City Museum
The British Museum, located in the Bloomsbury area of London, United Kingdom, is a public institution dedicated to human history, art and culture.
The British Museum, located in the Bloomsbury area of London, United Kingdom, is a public institution dedicated to human history, art and culture.

Its permanent collection numbers some 8 million works, and is among the largest and most comprehensive in existence having been widely sourced during the era of the British Empire, and documenting the story of human culture from its beginnings to the present.
The British Museum was established in 1753, largely based on the collections of the physician and scientist Sir Hans Sloane. The museum first opened to the public on 15 January 1759, in Montagu House, on the site of the current building. Its expansion over the following two and a half centuries was largely a result of expanding British colonisation and has resulted in the creation of several branch institutions, the first being the British Museum of Natural History in South Kensington in 1881 (it is nowadays simply called the Natural History Museum, and is separate and independent).

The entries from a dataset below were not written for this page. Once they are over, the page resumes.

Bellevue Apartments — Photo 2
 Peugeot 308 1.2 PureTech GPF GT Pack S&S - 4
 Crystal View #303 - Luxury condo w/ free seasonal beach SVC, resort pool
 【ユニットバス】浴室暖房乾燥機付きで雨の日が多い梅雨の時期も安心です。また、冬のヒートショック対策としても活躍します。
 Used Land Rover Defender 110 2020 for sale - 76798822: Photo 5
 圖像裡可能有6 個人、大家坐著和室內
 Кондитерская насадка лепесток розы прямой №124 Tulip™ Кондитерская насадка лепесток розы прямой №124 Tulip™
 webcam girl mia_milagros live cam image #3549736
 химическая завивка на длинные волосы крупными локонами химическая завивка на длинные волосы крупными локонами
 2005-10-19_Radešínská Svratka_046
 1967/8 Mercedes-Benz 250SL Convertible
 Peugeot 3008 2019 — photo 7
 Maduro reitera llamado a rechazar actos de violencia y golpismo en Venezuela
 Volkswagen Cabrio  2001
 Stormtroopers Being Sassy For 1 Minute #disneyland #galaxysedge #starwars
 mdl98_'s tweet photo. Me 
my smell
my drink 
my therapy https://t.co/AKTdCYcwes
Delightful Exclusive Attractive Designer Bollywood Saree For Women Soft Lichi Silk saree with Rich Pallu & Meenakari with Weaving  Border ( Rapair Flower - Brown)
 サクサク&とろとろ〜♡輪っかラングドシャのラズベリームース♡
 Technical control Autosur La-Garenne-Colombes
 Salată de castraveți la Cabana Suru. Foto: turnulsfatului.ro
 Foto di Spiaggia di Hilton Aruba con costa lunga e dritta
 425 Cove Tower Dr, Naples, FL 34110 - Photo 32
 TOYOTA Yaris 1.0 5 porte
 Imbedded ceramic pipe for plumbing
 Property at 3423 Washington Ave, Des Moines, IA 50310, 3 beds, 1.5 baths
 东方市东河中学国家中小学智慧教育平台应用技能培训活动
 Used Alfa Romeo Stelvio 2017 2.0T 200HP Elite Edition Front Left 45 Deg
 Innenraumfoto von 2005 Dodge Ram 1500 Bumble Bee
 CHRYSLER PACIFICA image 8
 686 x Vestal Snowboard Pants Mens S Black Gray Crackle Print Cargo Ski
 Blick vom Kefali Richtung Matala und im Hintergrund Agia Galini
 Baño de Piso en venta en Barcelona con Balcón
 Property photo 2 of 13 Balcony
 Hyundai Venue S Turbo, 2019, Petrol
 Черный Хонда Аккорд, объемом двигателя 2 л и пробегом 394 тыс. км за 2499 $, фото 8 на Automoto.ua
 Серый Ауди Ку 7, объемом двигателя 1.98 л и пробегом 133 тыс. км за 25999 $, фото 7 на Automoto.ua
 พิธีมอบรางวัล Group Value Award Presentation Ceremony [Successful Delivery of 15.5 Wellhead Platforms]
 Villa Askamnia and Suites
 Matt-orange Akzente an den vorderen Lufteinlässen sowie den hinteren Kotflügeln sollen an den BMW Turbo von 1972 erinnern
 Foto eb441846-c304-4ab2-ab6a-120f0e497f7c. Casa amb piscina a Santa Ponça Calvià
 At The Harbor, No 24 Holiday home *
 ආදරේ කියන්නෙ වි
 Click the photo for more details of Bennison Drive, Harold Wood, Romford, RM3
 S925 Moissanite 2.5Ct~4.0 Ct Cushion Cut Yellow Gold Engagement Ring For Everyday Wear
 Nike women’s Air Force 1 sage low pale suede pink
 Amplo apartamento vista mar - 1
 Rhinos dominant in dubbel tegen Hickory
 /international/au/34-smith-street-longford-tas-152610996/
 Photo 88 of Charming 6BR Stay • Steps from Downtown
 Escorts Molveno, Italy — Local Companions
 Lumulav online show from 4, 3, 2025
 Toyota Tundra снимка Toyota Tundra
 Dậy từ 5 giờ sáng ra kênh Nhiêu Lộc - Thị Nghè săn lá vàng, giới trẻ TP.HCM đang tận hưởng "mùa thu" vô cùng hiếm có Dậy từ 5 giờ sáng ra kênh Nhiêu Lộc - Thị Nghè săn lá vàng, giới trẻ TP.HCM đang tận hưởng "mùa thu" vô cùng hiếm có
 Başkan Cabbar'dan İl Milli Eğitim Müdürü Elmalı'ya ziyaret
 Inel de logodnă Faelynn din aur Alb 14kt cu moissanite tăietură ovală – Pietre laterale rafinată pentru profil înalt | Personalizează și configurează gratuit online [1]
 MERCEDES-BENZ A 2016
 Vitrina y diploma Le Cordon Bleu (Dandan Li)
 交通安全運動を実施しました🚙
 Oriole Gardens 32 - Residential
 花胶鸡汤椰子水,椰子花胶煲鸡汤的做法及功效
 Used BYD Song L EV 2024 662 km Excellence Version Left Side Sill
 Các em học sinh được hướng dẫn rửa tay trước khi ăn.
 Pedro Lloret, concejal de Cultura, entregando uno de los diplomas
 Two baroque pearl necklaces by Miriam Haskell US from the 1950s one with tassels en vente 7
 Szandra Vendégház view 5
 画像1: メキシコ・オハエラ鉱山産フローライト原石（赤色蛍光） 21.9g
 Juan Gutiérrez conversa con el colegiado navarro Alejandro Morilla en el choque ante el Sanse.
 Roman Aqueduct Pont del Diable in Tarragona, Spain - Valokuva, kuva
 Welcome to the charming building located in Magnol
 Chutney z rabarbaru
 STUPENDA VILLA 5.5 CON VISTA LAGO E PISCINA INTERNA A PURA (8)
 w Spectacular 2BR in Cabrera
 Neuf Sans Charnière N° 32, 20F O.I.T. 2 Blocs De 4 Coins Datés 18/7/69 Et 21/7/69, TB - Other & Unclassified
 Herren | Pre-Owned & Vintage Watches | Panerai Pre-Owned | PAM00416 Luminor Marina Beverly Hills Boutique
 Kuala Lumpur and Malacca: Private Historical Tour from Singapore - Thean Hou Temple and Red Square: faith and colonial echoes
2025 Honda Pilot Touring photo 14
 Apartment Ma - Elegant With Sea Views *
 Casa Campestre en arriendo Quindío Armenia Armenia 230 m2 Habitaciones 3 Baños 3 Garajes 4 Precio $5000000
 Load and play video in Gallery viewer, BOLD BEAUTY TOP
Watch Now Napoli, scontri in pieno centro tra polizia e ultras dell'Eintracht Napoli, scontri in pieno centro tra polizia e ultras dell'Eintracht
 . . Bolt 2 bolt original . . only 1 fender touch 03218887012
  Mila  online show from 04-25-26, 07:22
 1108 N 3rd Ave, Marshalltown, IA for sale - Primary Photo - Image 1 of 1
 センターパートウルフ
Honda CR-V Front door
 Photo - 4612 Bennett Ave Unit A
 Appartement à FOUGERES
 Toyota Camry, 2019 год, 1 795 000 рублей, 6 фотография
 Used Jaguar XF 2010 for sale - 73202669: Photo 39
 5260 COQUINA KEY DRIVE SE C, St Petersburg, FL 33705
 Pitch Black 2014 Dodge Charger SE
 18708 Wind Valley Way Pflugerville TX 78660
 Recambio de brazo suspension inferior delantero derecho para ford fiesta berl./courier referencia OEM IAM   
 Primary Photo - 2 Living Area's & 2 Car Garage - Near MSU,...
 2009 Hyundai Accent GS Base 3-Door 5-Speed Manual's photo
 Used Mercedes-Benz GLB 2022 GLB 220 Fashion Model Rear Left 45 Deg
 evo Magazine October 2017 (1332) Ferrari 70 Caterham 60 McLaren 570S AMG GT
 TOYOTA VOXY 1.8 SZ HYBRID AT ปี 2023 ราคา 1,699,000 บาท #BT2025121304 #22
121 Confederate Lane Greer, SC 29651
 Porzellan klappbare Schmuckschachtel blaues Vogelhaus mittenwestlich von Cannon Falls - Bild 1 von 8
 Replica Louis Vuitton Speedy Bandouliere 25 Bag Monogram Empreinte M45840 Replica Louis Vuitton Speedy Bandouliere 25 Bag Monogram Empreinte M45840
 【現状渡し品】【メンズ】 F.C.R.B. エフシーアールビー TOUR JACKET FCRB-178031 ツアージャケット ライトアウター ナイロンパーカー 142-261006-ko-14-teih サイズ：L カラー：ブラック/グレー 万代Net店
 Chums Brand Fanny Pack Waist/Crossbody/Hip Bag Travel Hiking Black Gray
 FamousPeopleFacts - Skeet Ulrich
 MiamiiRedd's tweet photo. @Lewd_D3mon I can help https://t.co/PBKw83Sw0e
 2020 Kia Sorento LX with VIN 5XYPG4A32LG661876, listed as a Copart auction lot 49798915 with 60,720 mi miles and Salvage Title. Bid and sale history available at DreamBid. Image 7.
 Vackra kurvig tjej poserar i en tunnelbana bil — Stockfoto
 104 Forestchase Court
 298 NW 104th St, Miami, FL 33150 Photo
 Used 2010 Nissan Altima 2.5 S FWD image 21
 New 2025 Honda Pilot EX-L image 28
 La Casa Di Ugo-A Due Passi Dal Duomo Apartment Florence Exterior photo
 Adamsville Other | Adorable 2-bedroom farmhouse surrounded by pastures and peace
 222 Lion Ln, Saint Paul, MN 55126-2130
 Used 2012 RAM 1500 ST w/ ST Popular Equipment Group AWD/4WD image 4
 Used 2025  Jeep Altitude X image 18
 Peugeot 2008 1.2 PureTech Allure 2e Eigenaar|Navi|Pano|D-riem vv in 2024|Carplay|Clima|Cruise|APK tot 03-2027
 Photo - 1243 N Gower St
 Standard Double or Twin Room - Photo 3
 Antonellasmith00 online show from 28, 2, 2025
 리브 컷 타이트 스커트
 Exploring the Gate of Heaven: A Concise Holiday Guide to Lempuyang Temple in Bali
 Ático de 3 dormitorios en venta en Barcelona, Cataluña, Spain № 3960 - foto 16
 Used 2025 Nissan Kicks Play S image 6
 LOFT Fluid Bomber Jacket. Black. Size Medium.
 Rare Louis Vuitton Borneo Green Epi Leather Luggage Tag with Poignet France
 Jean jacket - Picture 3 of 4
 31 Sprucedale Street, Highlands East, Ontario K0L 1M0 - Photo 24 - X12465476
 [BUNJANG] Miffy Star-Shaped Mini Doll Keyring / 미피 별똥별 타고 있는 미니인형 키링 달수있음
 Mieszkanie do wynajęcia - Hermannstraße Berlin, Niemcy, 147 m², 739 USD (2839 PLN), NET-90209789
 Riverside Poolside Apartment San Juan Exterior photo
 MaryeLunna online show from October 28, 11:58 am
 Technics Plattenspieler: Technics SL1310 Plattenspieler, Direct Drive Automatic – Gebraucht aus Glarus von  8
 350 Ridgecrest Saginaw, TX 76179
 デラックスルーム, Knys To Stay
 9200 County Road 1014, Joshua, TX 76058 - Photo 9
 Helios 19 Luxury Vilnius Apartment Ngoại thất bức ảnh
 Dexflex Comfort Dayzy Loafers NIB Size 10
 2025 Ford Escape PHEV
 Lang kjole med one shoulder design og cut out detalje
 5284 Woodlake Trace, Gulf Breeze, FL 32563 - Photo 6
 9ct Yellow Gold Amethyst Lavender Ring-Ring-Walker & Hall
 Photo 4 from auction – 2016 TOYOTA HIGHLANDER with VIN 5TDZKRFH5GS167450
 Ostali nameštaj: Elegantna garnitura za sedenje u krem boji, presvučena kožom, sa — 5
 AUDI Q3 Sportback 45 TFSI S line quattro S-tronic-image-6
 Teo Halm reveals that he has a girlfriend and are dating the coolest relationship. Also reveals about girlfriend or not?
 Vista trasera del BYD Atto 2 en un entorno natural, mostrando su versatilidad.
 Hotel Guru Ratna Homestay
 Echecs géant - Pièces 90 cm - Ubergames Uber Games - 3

On 7 June 1753, King George II gave his formal assent to the Act of Parliament which established the British Museum. The British Museum Act 1753 also added two other libraries to the Sloane collection, namely the Cottonian Library, assembled by Sir Robert Cotton, dated back to Elizabethan times and the Harleian library, the collection of the Earls of Oxford. They were joined in 1757 by the “Old Royal Library”, now the Royal manuscripts, assembled by various British monarchs. Together these four “foundation collections” included many of the most treasured books now in the British Library including the Lindisfarne Gospels and the sole surviving manuscript of Beowulf.
Today the museum no longer houses collections of natural history, and the books and manuscripts it once held now form part of the independent British Library. The museum nevertheless preserves its universality in its collections of artefacts representing the cultures of the world, ancient and modern. The original 1753 collection has grown to over thirteen million objects at the British Museum, 70 million at the Natural History Museum and 150 million at the British Library.
In 2013 the museum received a record 6.7 million visitors, an increase of 20% from the previous year. Popular exhibitions including “Life and Death in Pompeii and Herculaneum” and “Ice Age Art” are credited with helping fuel the increase in visitors. Plans were announced in September 2014 to recreate the entire building along with all exhibits in the video game Minecraft in conjunction with members of the public.